Sonic Adventure DX ( Not Free So Worthless To Link )

can someone please list others ?


----------



## LainMokoto (Jul 11, 2008)

Bloody Roar, I think it was on the Playstation. It isn't totally anthro but the fighters turn into anthros.


----------



## WhiteHowl (Jul 12, 2008)

oh god not trickster. I still have nightmares about drills because of that game.

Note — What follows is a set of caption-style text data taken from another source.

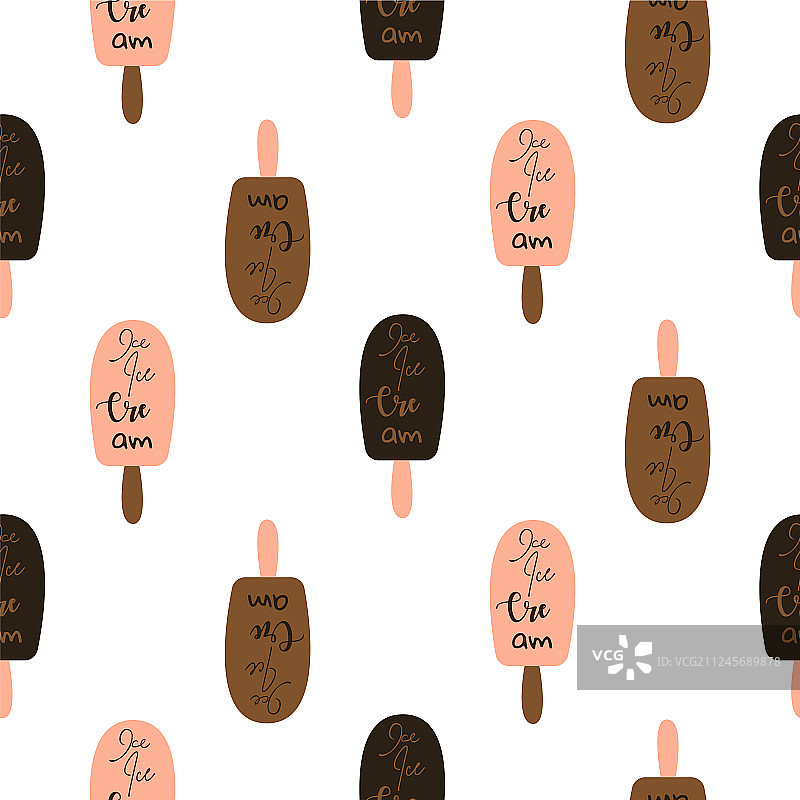 巧克力冰淇淋无缝图案图片素材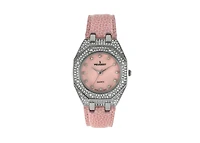 Peugeot Women's 37mm Pink Watch with Crystal Bezel Leather Band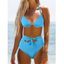 Tummy Control Bikini Swimsuit Bright Color Ruched Underwire Push Up Tied Cut Out Summer Beach Halter Swimwear - BLUE L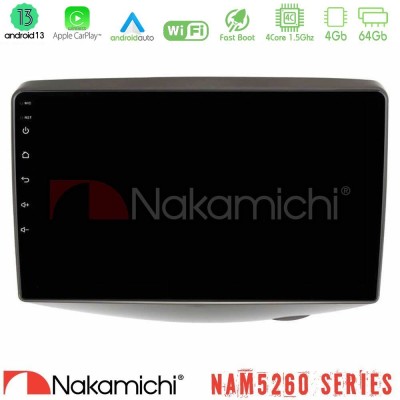 Nakamichi NAM5260 Series 4Core Android13 4+64GB Toyota Yaris 1999 - 2006 Navigation Multimedia Tablet 9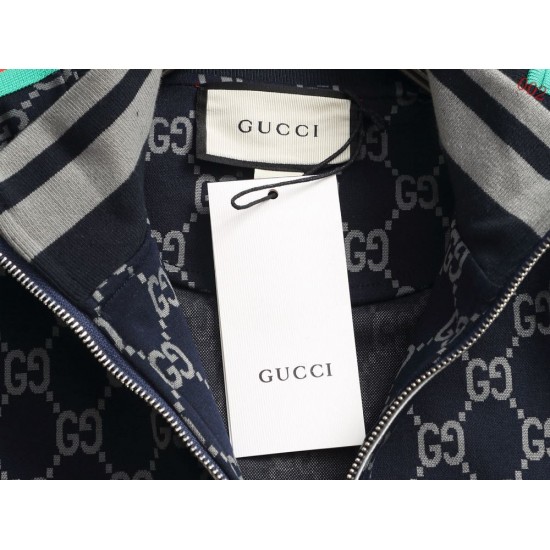 GUCCI グッチ 80s レトロ ダブルG総柄 シェリーライン スタンドカラー トラックジャケット ジップアップ ブルゾン ブラック 男女兼用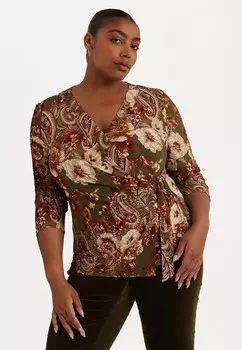 Топ с длинными рукавами FLORAL STRETCH JERSEY TOP Lauren Ralph Lauren Woman, оливковый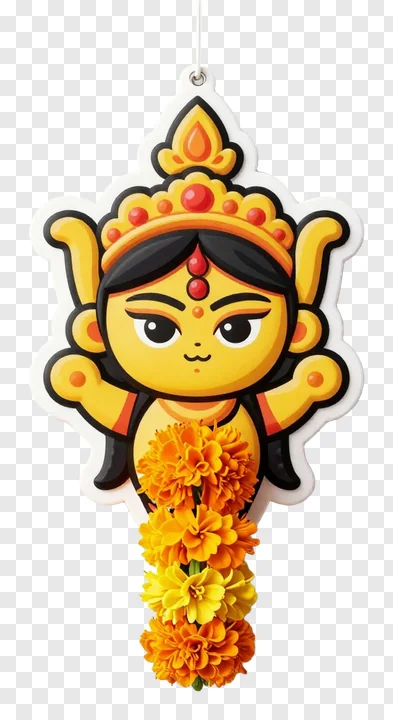 A cartoon goddess Durga with a marigold garland hanging down.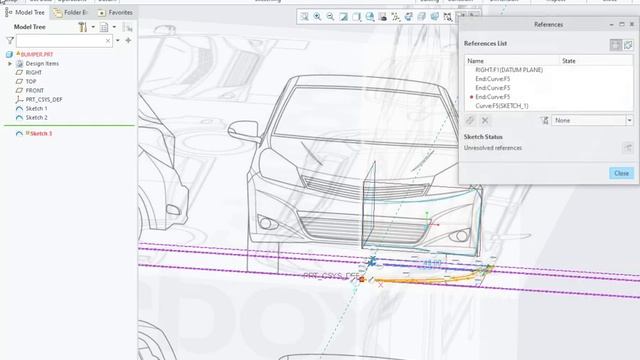 CAD-CAM TUTORIAL| Car Bumper Design Using Creo | Advance Surface Modeling For Manufacturing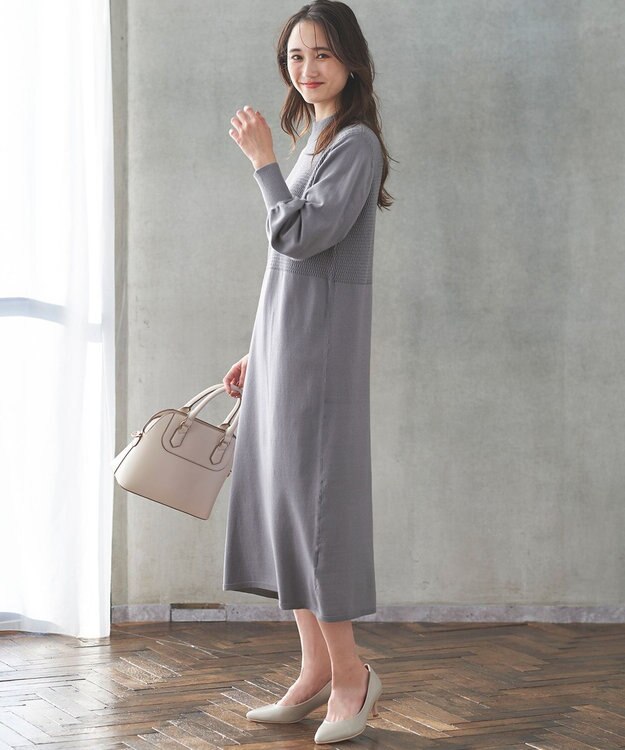 ANY SIS 【洗える】バスケット編み切替えニット ワンピース ブルーグレー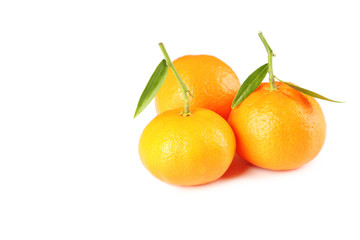Ripe mandarin isolated on a white background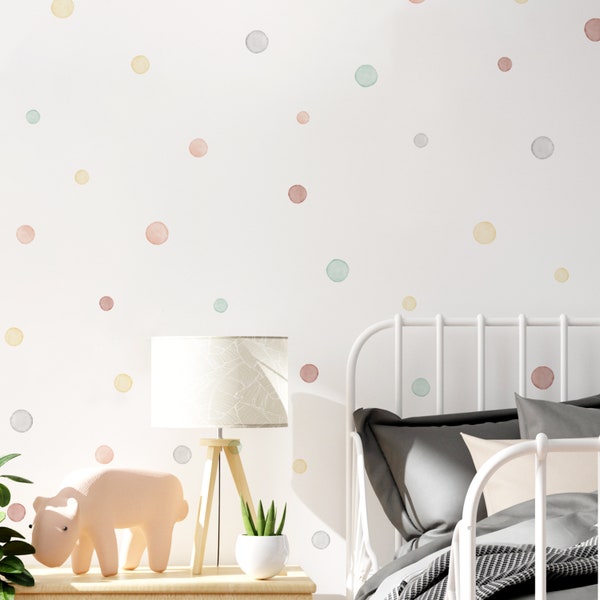 Pastell Aquarell Polka Dot Wandaufkleber für Kinderzimmer, Kinderzimmer, Spielzimmer | PVC-frei, kein Geruch | Peel & Stick Wandtattoo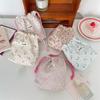 Women  Tote Rope String Makeup Bags Organizer Cute Flower Small Lipstick Cosmetic Coin Purse Key Drawstring Storage Bag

Animal crossing... and that's all I can think of


----------



## Namiel (Jul 12, 2008)

Tai Fu: Wrath of the Tiger
Star Fox
Sly Cooper
Rachet and Clank
Fur Fighters
Bloody Roar

Some games with occasional anthro characters

Final Fantasys (Red XIII, Freya, Khimari, even Zidane)
Xenogears (several demi-humans, such as Hammer)
Diablo II (Druids)
Chrono Trigger/Cross (I lurves Frog)


----------



## E-mannor (Jul 12, 2008)

there's always elder scrolls, oblivion is by far the best so far, and there are lizard and cat anthros... good enough for me ^_^


----------



## Takun (Jul 12, 2008)

"Here kitty kitty kitty."

I love Oblivion lol.


----------



## AdventBahamut (Jul 12, 2008)

Beyond Good and Evil. Plenty of anthros, and overall it's a great game that I demand EVERYONE play.


----------



## Wontoon Kangaroo (Jul 12, 2008)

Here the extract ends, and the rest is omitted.